After spending nearly six decades behind bars, the Louisiana inmate whose Supreme Court case was instrumental in extending the possibility of freedom to hundreds of people sentenced to life in prison without the opportunity for parole when they were juveniles was freed on parole Wednesday. From the AP:

  • Freed hours after decision. Henry Montgomery, 75, was released from prison just hours after the parole board's decision and went to the offices of the Louisiana Parole Project, a nonprofit that is supporting him after his release, the AP reports. There he was embraced by tearful staff and former juvenile lifers who were freed as a result of the court case that bears Montgomery's name.

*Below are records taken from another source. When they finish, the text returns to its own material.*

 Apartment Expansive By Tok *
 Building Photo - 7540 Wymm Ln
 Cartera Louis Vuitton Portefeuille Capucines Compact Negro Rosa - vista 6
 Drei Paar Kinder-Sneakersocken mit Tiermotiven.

  • He was sentenced to death in 1963. Montgomery had been convicted in the 1963 killing of East Baton Rouge sheriff’s deputy Charles Hurt, who caught him skipping school. Montgomery was 17 at the time. He was initially sentenced to death, but the state’s Supreme Court threw out his conviction in 1966, saying he didn’t get a fair trial. The case was retried, Montgomery convicted again but this time sentenced to life in prison without the possibility of parole.

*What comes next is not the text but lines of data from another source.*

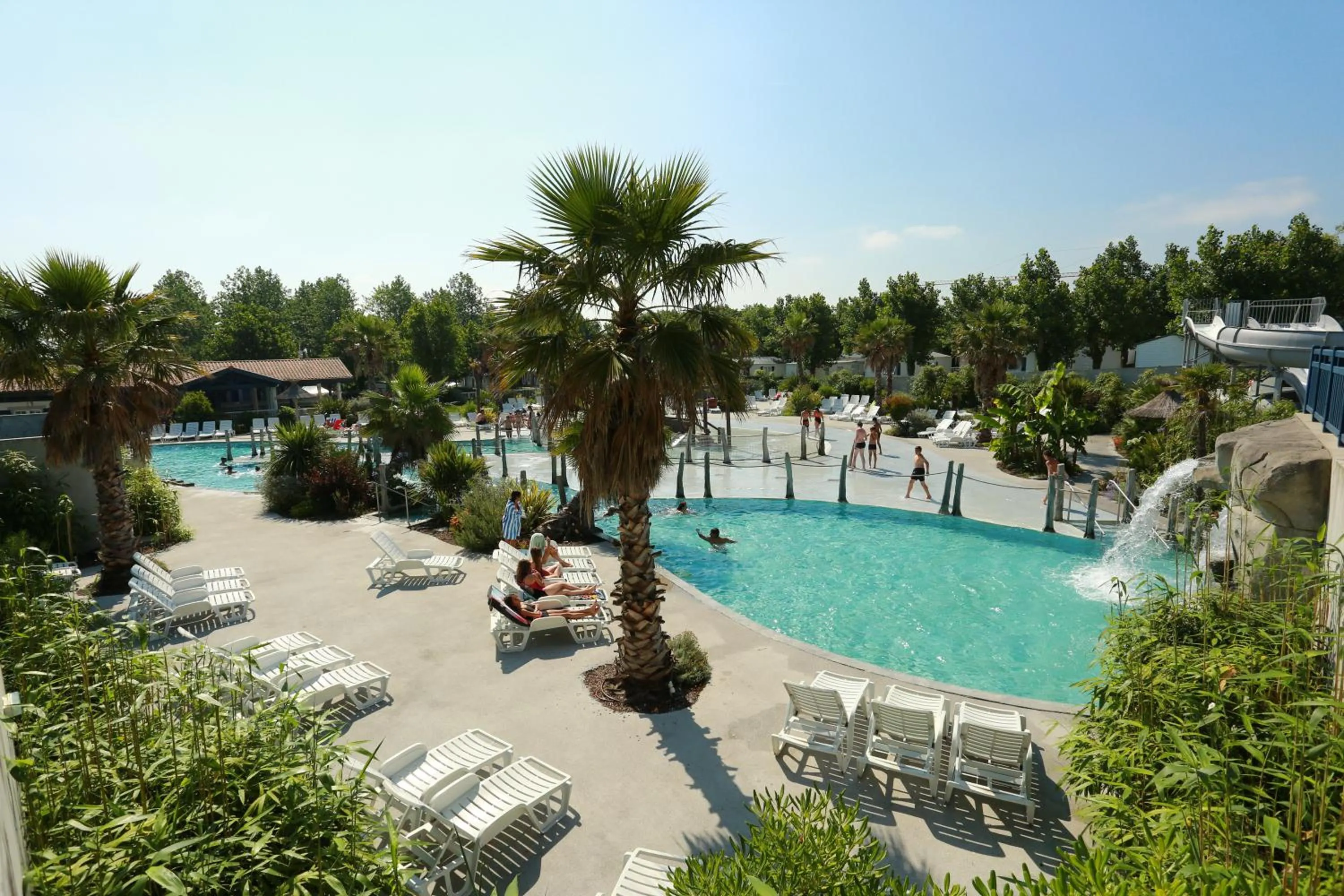 Swimming pool, Pool View in Résidence Ilbarritz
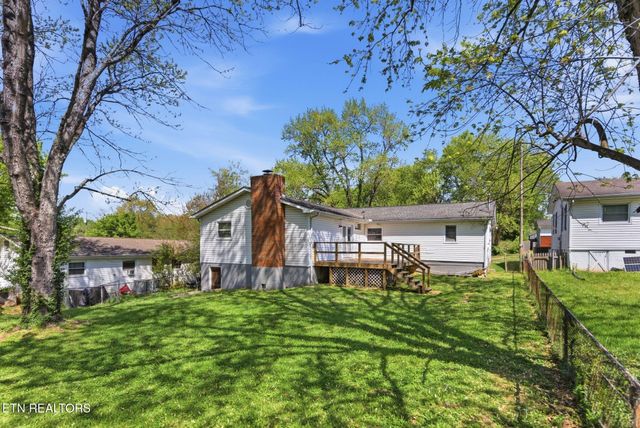 2210 W Gilbert Lane, Knoxville, TN 37920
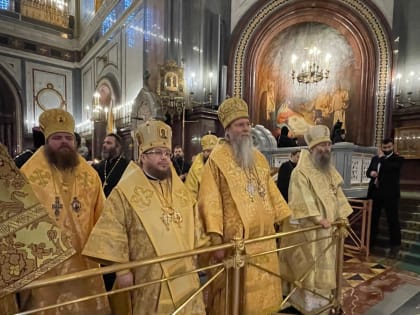 Епископ Паисий сослужил Святейшему Патриарху Кириллу за Литургией в день открытия Рождественских чтений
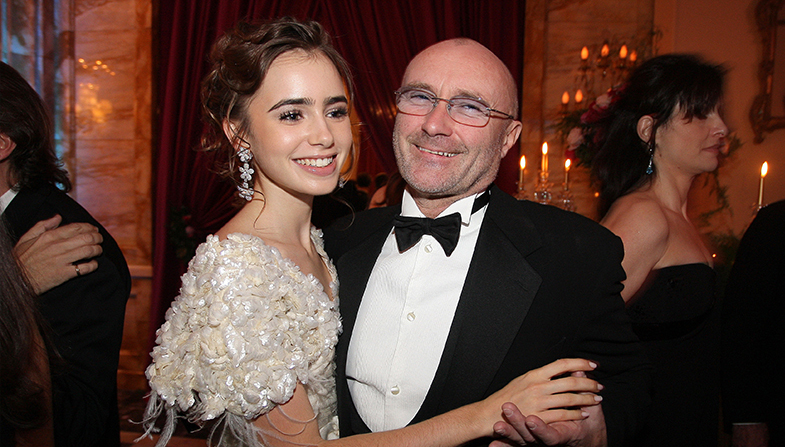 Lily y Phil Collins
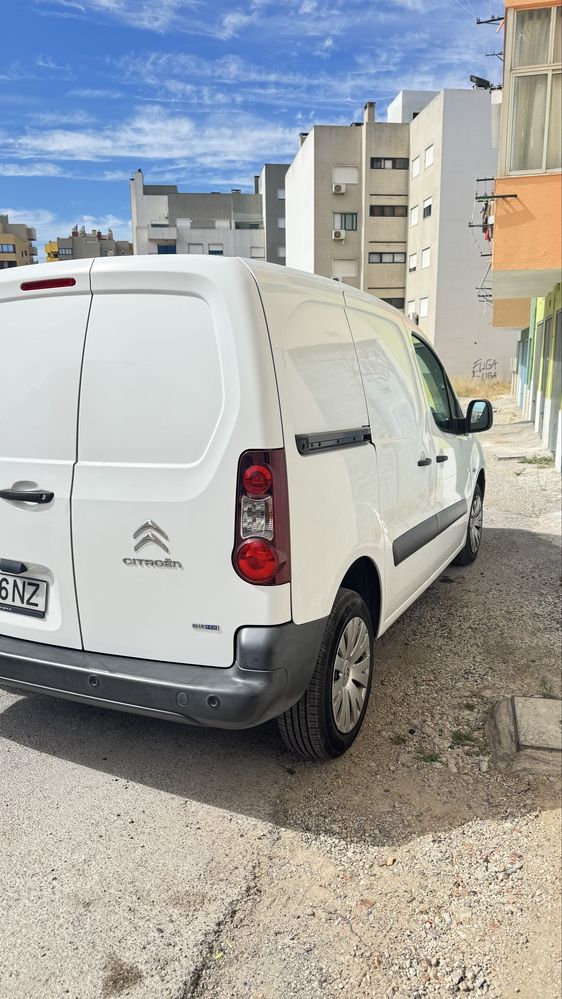 Citroen berlingo automatica de 2017
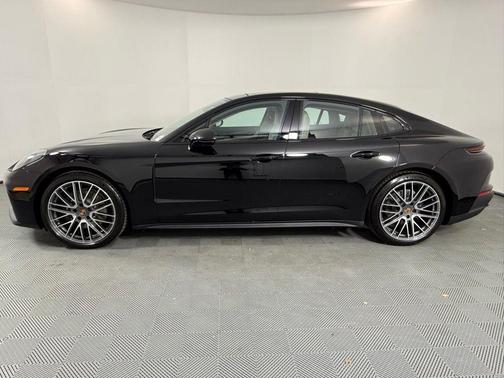 2026 Porsche Panamera 4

  • Two pivotal SCOTUS cases. Montgomery's release owes back to two specific Supreme Court cases. In 2012, the Supreme Court ruled in Miller v. Alabama that mandatory sentencing of life without parole for juvenile offenders was "cruel and unusual" punishment. But it didn't settle the question of whether that decision applied retroactively or only to cases going forward. In 2016, the Supreme Court settled the matter when it took up Montgomery's case and extended its decision on such sentences to people already in prison.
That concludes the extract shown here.